* _LISTED ENTRIES_
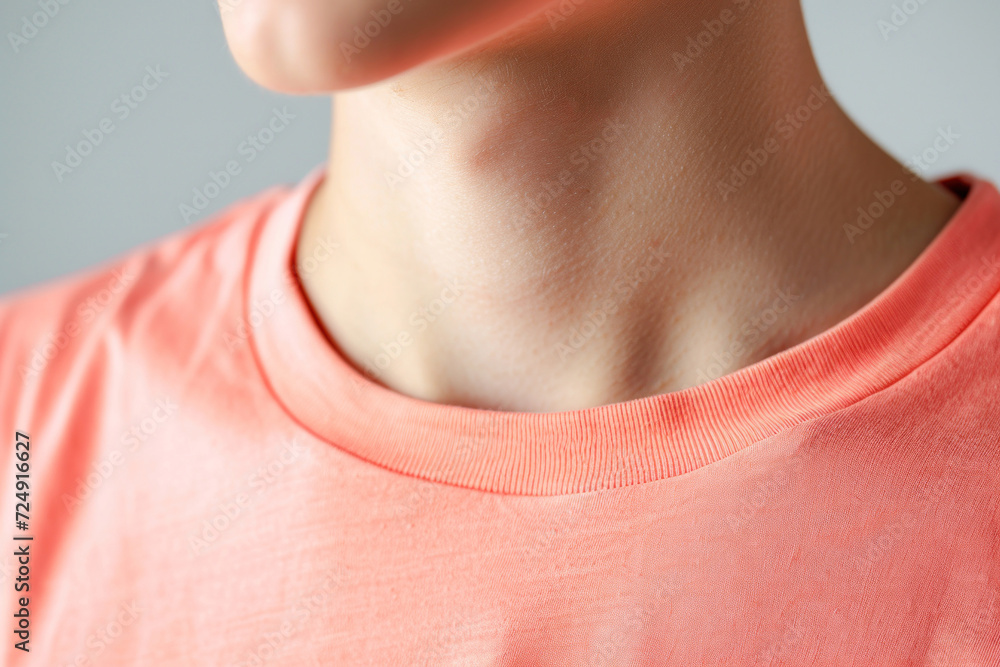 A man in a trendy peach T-shirt. Close up collar.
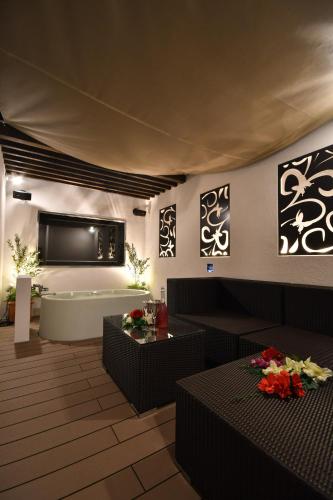 a living room with two couches and a tv on the wall at Hotel agehA cinq boutique (Adult Only) in Okayama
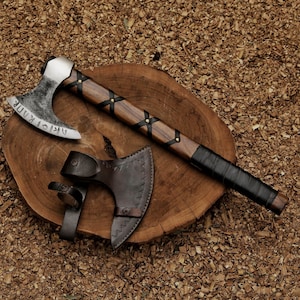 Puede incluir: Un hacha vikinga artesanal con un mango de madera envuelto en cuero negro. La cabeza del hacha es plateada con runas grabadas. Una funda de cuero protege la cabeza del hacha. El hacha descansa sobre una losa de madera.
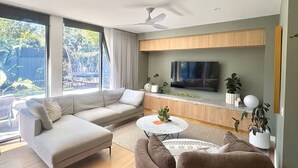 Een moderne woonkamer met een bank, fauteuils, een salontafel en een televisie.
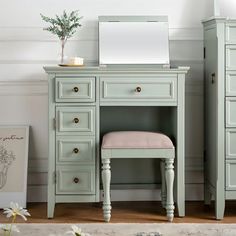 a green vanity with a mirror and stool in a white room next to a flower vase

* _TASK PROMPT_
A verbatim copy of the data, pictures removed, is the expected result.

* _SOLVED EXERCISE_
 A man in a trendy peach T-shirt. Close up collar.
 a living room with two couches and a tv on the wall at Hotel agehA cinq boutique (Adult Only) in Okayama
 Puede incluir: Un hacha vikinga artesanal con un mango de madera envuelto en cuero negro. La cabeza del hacha es plateada con runas grabadas. Una funda de cuero protege la cabeza del hacha. El hacha descansa sobre una losa de madera.
 Een moderne woonkamer met een bank, fauteuils, een salontafel en een televisie.
 a green vanity with a mirror and stool in a white room next to a flower vase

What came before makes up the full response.